Nevin continued, “Kiteboarding is definitely more dangerous.” The key to the danger factor is whether or not the surfer is attached to the equipment. When a windsurfer falls, the surfer and the equipment stop, or at least the surfer stops. With kiteboarding, the fallen surfer can be taken along for a ride they might not enjoy — a sort of Nantucket sleigh ride, Beach Boys–style.
“An advantage of kiteboarding is that you can have more high performance in less wind than with windsurfing. In other words, you need more wind for an expert to be challenged in windsurfing. So that means we get more days with high-performance kiteboarding,” Nevin said.
Aside from bigger, faster thrills, Raz believes kiteboarding has become popular because “kiteboards are inflatable, and are about half the size of windsurfing equipment. You can pack the entire kite into a backpack.”
Which is an amusing concept, as Stina felt the same way about windsurfing when she started a generation earlier, “Windsurfing started in 1974. When it was new,” she explained, “it was great. You didn’t need a boat, or a mooring, or beach access. For a relatively small amount of money, you could buy a board, strap it to the top of a car, and go.”

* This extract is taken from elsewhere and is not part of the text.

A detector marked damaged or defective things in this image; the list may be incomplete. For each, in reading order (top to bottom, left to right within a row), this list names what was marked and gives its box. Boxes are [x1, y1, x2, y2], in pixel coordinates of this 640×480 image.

And go is what the Sayres do. Solvig is working professionally as a sailing director at a yacht club in Houston, sailing in Galveston Bay, where her job description includes “pretty much any- and everything related to sailing,” she said.
Five years out of Eckerd College, where she competed in windsurfing, Solvig spent years traveling the world competing in amateur events, making it as far as U.S. Olympic alternate for the 2012 London Games. “It was different from when my parents were competing, as they were on the pro tour, and windsurfing was a big deal,” Solvig said.
“In its heyday, you’d see [windsurfing] on ESPN, with 100,000 spectators at events in Europe and Japan,” Nevin added.
Both Solvig and Raz, Island-grown, speak fondly of learning how to sail. The family house is right on the water near the Vineyard Haven Yacht Club, where the two kids, as well as Nevin, who was a summer kid, grew up sailing. Stina and Nevin started the kids early — toddler early.
Raz, who started at 22 months, never felt pressure to compete. He’s a member of Eckerd’s sailing team and majoring in political science, with a minor in international relations. “I’m thinking I may want to do something drastically different after graduation,” he said. “Maybe the Peace Corps.” Raz also has competition cred. He was the 2014 Kona One World Windsurfing Champion, placing first over 107 other contestants from 13 countries. Nevin placed third in the same competition, and Solvig 11th. “My parents are awesome,” Raz said, “We are really lucky in the parent department.”
Nevin raced in the pro world tour from 1983 to 1991, making a handsome living through prize money and sponsorships. As is only fitting, he was the five-time U.S. champion and two-time second-ranked windsurfer in the world. These days, he’s the North American distributor for the O’pen BIC, a singlehanded sailboat which is great for kids. Nevin believes this boat will keep more kids sailing, as it allows for more varied, fun experiences, especially when compared with the older, less agile boats typically used to teach kids how to sail.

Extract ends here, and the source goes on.